The proportion of households where no-one is working has fallen to its lowest level since modern records began in 1996.
The Office for National Statistics (ONS) says 14.5% of households in the UK were classified as completely workless in the three months from April to June this year.
That meant there were 2,998,000 such homes, containing 4,130,000 people.
The government hailed the figures as a triumph for its economic policy.
The Work and Pensions Secretary, David Gauke, highlighted some of the new figures which showed that more than two-thirds of lone parents (68%) were in employment, the highest figure on record.
"What's particularly great news is that lone parents are more likely to be in work than ever before," he said.

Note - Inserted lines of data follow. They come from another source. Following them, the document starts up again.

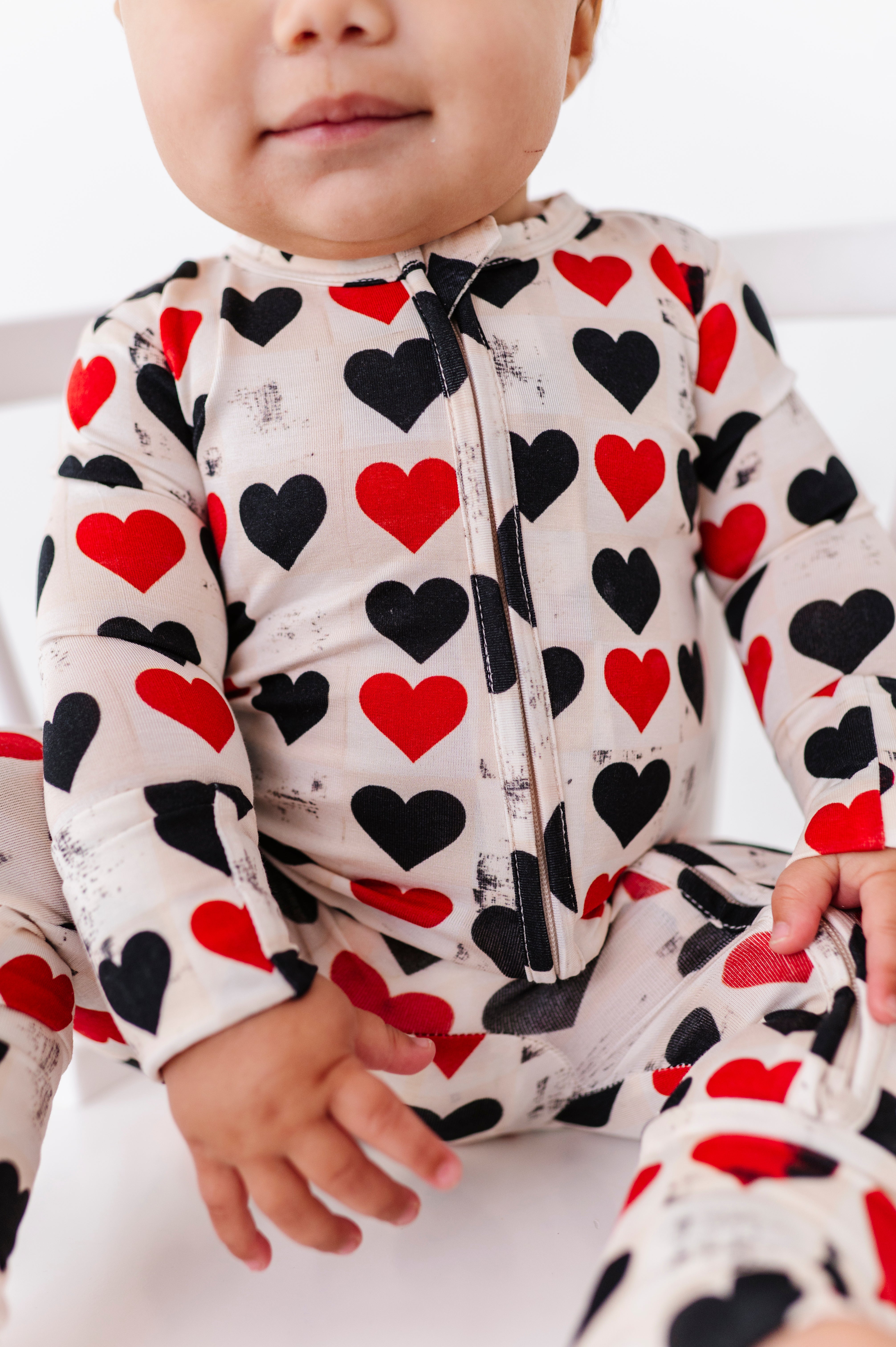 Close-up of King of Hearts bamboo romper showing 2-way zipper and heart pattern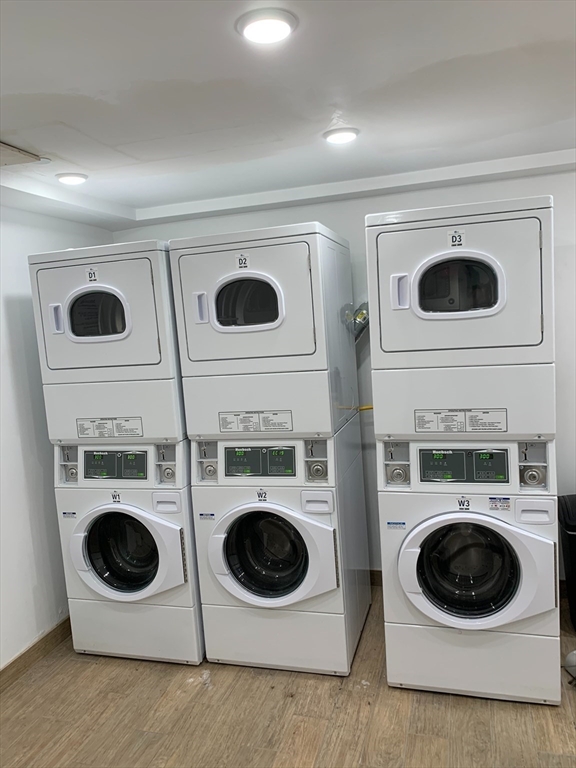 21 5th Street, Unit 1 Chelsea, MA 02150 - Photo 9 of 10 a utility room with dryer and washer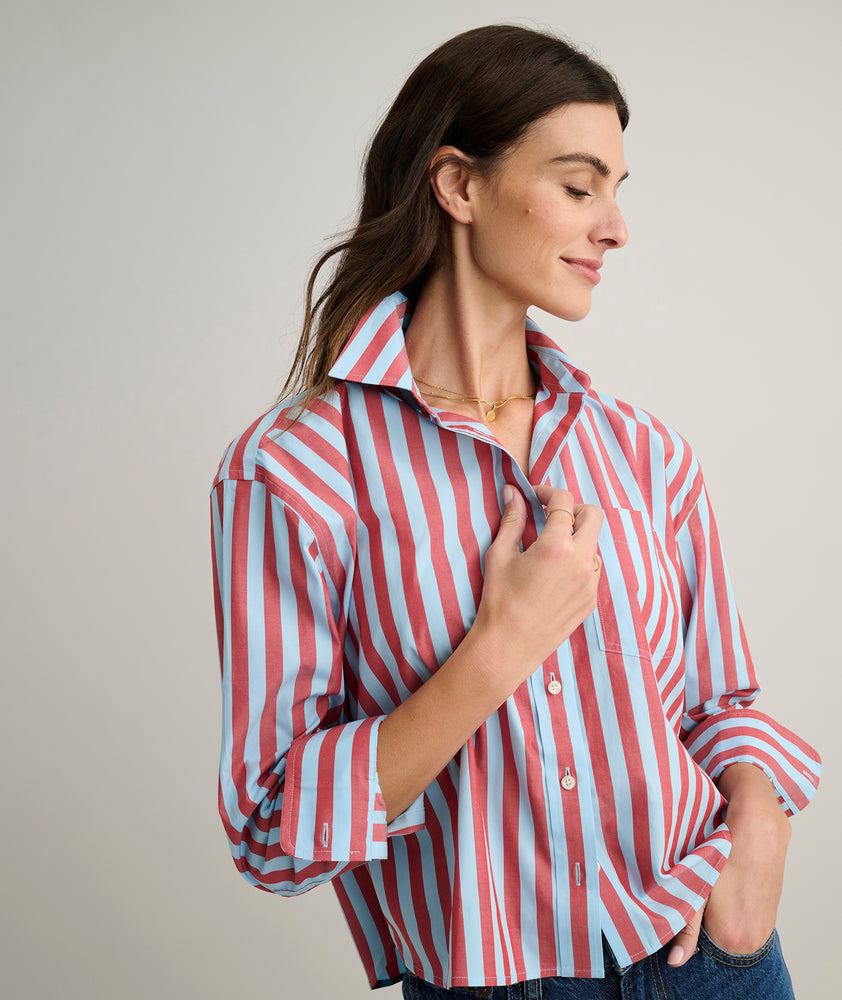 Model is wearing UNTUCKit Crosby shier in red and blue stripes. 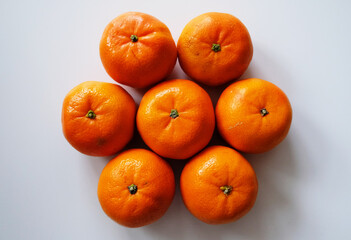 Seven tangerines on white background top view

"With record levels of employment, more people across the country now have the ability to support themselves and their families.
"That means more children growing up with a working adult and more children who can see first-hand the benefits of being in employment," the minister added.
Unemployed or inactive?
The figures are drawn from the regular Labour Force Survey which also provides much of the official unemployment data.
The ONS analysis looks only at households where there is at least one person aged between 16 and 64, so homes with only older people in them - aged 65 or over - are excluded.
However being in a workless household does not necessarily mean being unemployed.
The official definition of being workless also includes those who are judged to be economically inactive, such as students, the retired, carers and the ill or disabled.
In fact this economic inactivity, rather than unemployment, is far and away the biggest reason for a household to be deemed entirely workless.
By contrast, only 1.4% of all workless households in the UK - 290,000 - are deemed to be so because all their members are unemployed.
Back in the April-June quarter of 1996, the proportion of households which were workless was much higher than now at 21%.
Since then, that proportion has fallen steadily, with only a slight increase in the figures in aftermath of the sharp recession caused by the great financial crisis of 2008-09.
Now, general levels of employment have been at record levels for some time and the official unemployment rate is down to its lowest level since 1975, at 4.4%.
As a result, the proportion of households whose members are all working has risen in the past 21 years from 52% to 58%.
Margaret Greenwood, Labour's shadow employment minister, said: "While any increases in employment are positive, under this government work is no longer a reliable route out of poverty with over half of those living in poverty coming from a working household."